糊付き綿布、フェアリーライト、鉄、紙、蛍光塗料、磁土、セメント、小麦粉、ほか
H885 × W423 × D530mm
[最小]H12 × W39 × D4mm〜[最大]H31 × W76 × D5mm(15点)
H43 × W900 × D368mm/H42 × W731 × D371mm/H140 × W126 × D2mm(3点1組)
H61 × W140 × D267mm/H322 × W180 × D5mm(2点1組)
H490 × W78mm
映像|11秒

作者より

光の直進や身体が地面に立っているということから「風景」について思考し、無意識に目をやったものを何かの共通点をもって結びつけることにより現れた秩序を解体しようとした。

地面に立ってものを見るとき、足をつく位置と目の高さは重ならず、距離を持つ。目から地面を眼差そうとする視線、また地面から反射する光が目に直進しようとすることを斜めに遮るように手に持ったものを見る。身体を持つことによる偏りを、その都度眼前から消え去る「風景」の仮留めによって並べて見る。

向井ひかり

担当教員より

綿のガーゼで巾着をつくった。そこに小麦粉を入れてアクリル板の上に落としてみる。その痕跡がウニの口のようだった、それと鉄塔が。
車の車窓から垂直のビルがいくつも見える、車の動きに連動し重なったり、小さくも見える。大きなビルも車窓に収まってしまう。
パンケーキをどんどん重ねていくと倒れてしまう、傾き始めたところで素早くほうきでつっかえ棒をするが、蝋燭の蝋がほうきの柄を伝って流れてきた。魔法は使わないと決めてしまったから。

向井の語る作品の話しは、おおよそこんな感じに進行していく。作品づくりもそれらと連動し、様々な思惑や思索が任意に交換され、時には組み合わされる。日常の些細な発見や小さな出来事が集積されながらかたちづくられていく。それらは向井にとって日常を記録するという行為かもしれない。ここでは「些細な」「弱さ」「小ささ」という事が興味深くもあり、実に厄介なのだ。それらを認識し、転換し、定着させるためには観測と選択は怠ってはならない。さて、高性能な虫眼鏡を用意することにしよう。そして、凝視する。
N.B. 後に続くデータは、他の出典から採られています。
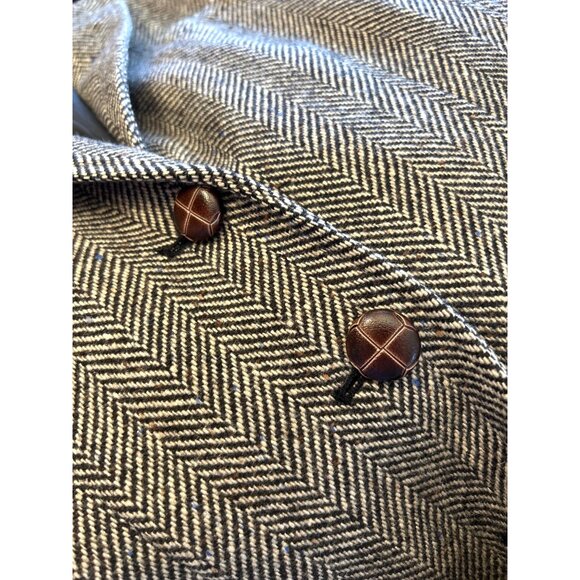 Appleseed’s Women’s Herringbone Wool Blazer Size 14 Academia Ivy League Preppy - Picture 6 of 8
自ずと素材やつくり方が見えてくるまで待つことにする。
「小さな前衛」も膨大な月日を経て、さらなるフェーズに進化しているのだ。
そうだ、映画「マーズ・アタック!」の地球を侵略する異星人の弱点とそれを発見した場面の話しをするのを忘れていた。
日常的な些細な事物の中に圧倒的な力が内在していることに気づくのだろう。